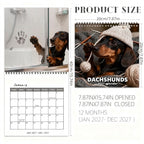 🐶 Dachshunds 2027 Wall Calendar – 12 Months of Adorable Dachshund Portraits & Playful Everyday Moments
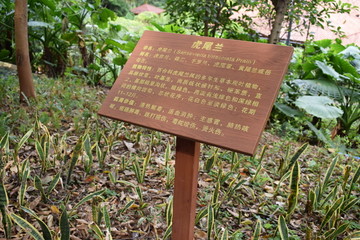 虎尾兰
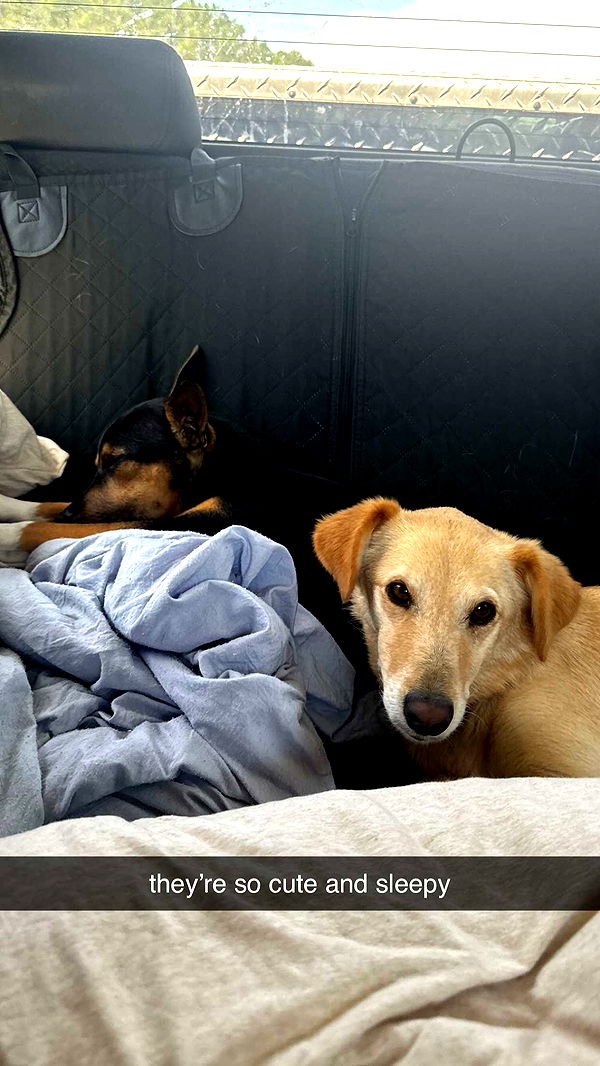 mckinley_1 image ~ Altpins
⁂
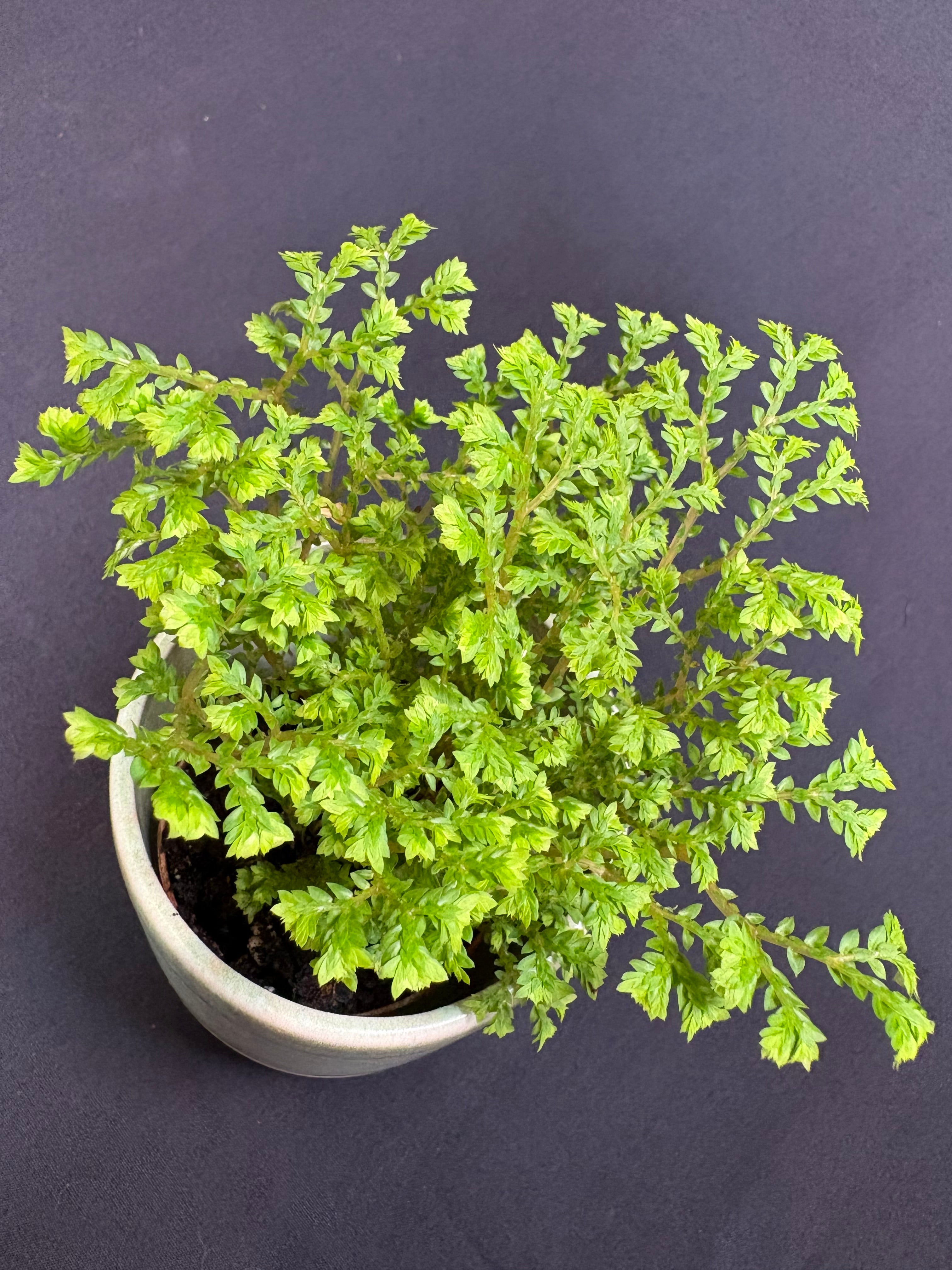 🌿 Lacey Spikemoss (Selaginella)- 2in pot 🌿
⁂
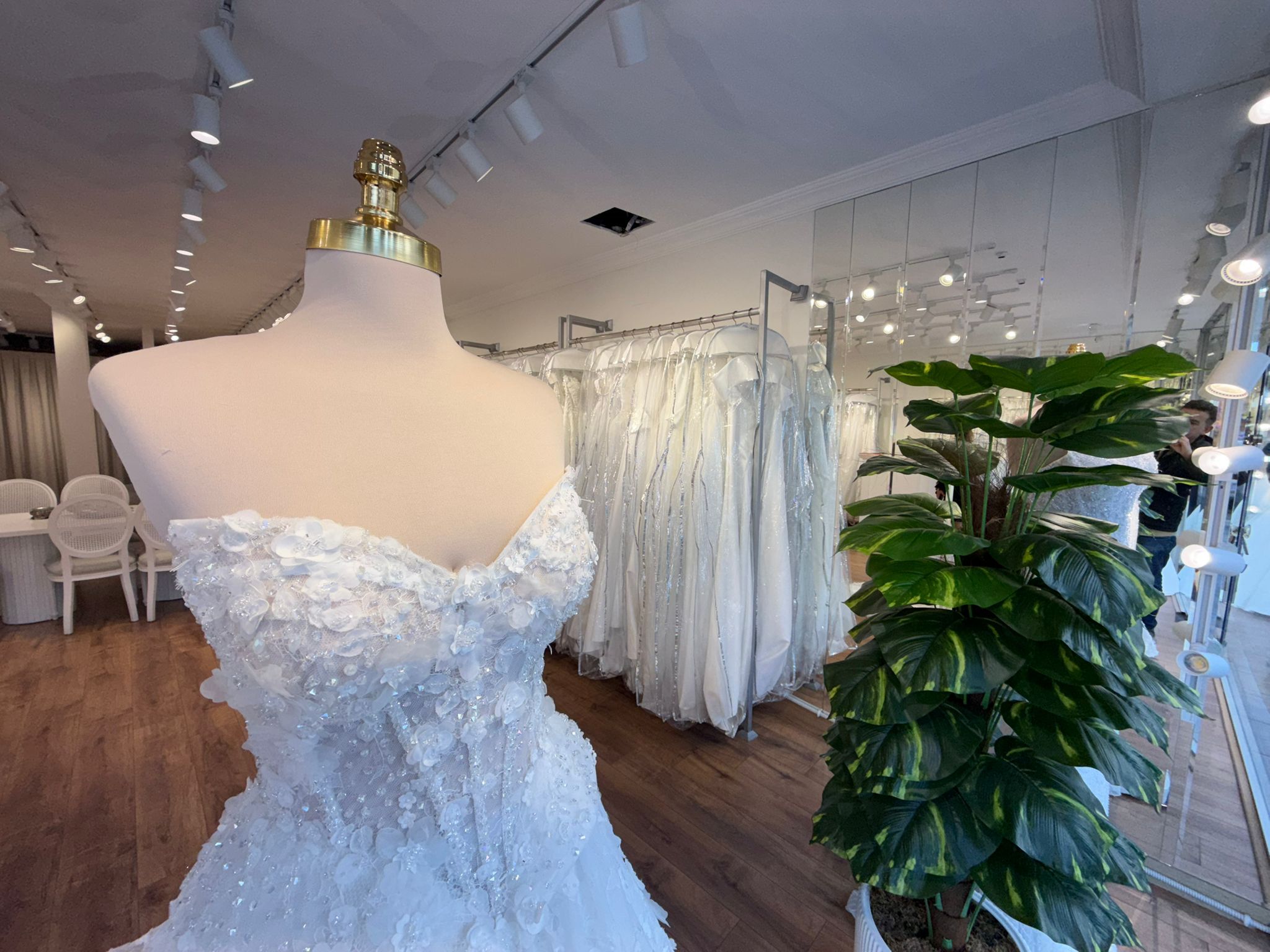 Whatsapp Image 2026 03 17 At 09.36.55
⁂
**Action item:** Write out word for word the lines above that run from the one with "Playful Everyday Moments" to the one with "mckinley_1 image ~ Altpins". Include both end lines; exclude the images.

**Reply:**
 🐶 Dachshunds 2027 Wall Calendar – 12 Months of Adorable Dachshund Portraits & Playful Everyday Moments
 虎尾兰
 mckinley_1 image ~ Altpins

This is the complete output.